The revelation is a rebuke to Netflix programming model: releasing as much original content as it can to attract viewers. In the interview, Cue says that Apple won’t be “creating the most” original content for users, but will be “creating the best.” When asked about Netflix’s model, he notes that there’s “nothing wrong with that model, but it’s not our model.”

Apple is a latecomer to the streaming video wars

Apple is a latecomer to the streaming video industry, following companies such as Amazon, Hulu, and Netflix, which have already pulled in legions of loyal users, in part due to their efforts to produce their original content. Other media conglomerates are jumping in as well: Disney, NBCUniversal, and Warner Bros. have all announced their own platforms, which will launch this year and next.

Cue notes that Apple hasn’t always been the leader when it comes to hardware, pointing out that they weren’t the first to produce computers, smartphones, or tablets. “We try to be the best, and we don’t have to be the first to be the best,” he said. He explains that while Apple doesn’t “know a lot about television other than we are big consumers of it,” what it does do is “find the best people for it.” The company brought on high-profile Hollywood executives, Jamie Erlicht and Zack Van Amburg (formerly of Sony), as well as Jay Hunt (formerly of the UK’s Channel 4) to head up its television programming.

Under them, the company has lined up an impressive-looking slate of projects, with shows from people such as J.J. Abrams, Steven Spielberg, and Oprah Winfrey. However, while Apple’s slate sounds promising, we’ve only caught a glimpses: a sizzler reel during the company’s unveiling event, and a trailer for Moore’s science fiction show, For All Mankind.

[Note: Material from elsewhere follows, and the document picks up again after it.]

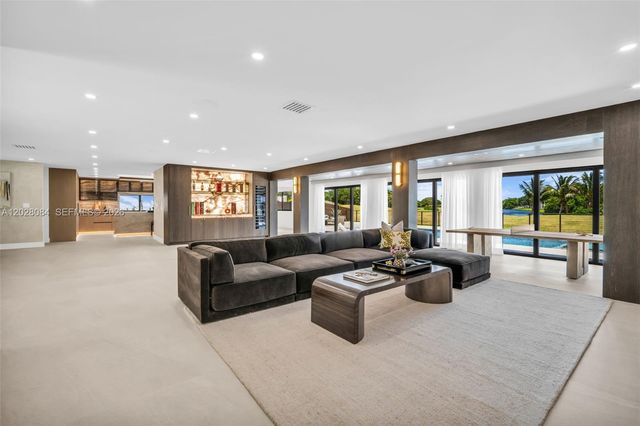 4220 Casper Court, Hollywood, FL 33021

The interview revealed a handful of additional tidbits about what to expect from the TV service. Apple will apparently release new content every month, and the first series out of the gate will likely be its workplace drama, The Morning Show, which will feature Reese Witherspoon and Jennifer Aniston. Cue notes that the series will feature “real issues occurring in the workplace,” and that “on the quality bar, it is really, really good.” Apple certainly isn’t producing the same amount of content as its competitors already are, and we’ll have to wait until this fall to see how the quality really is.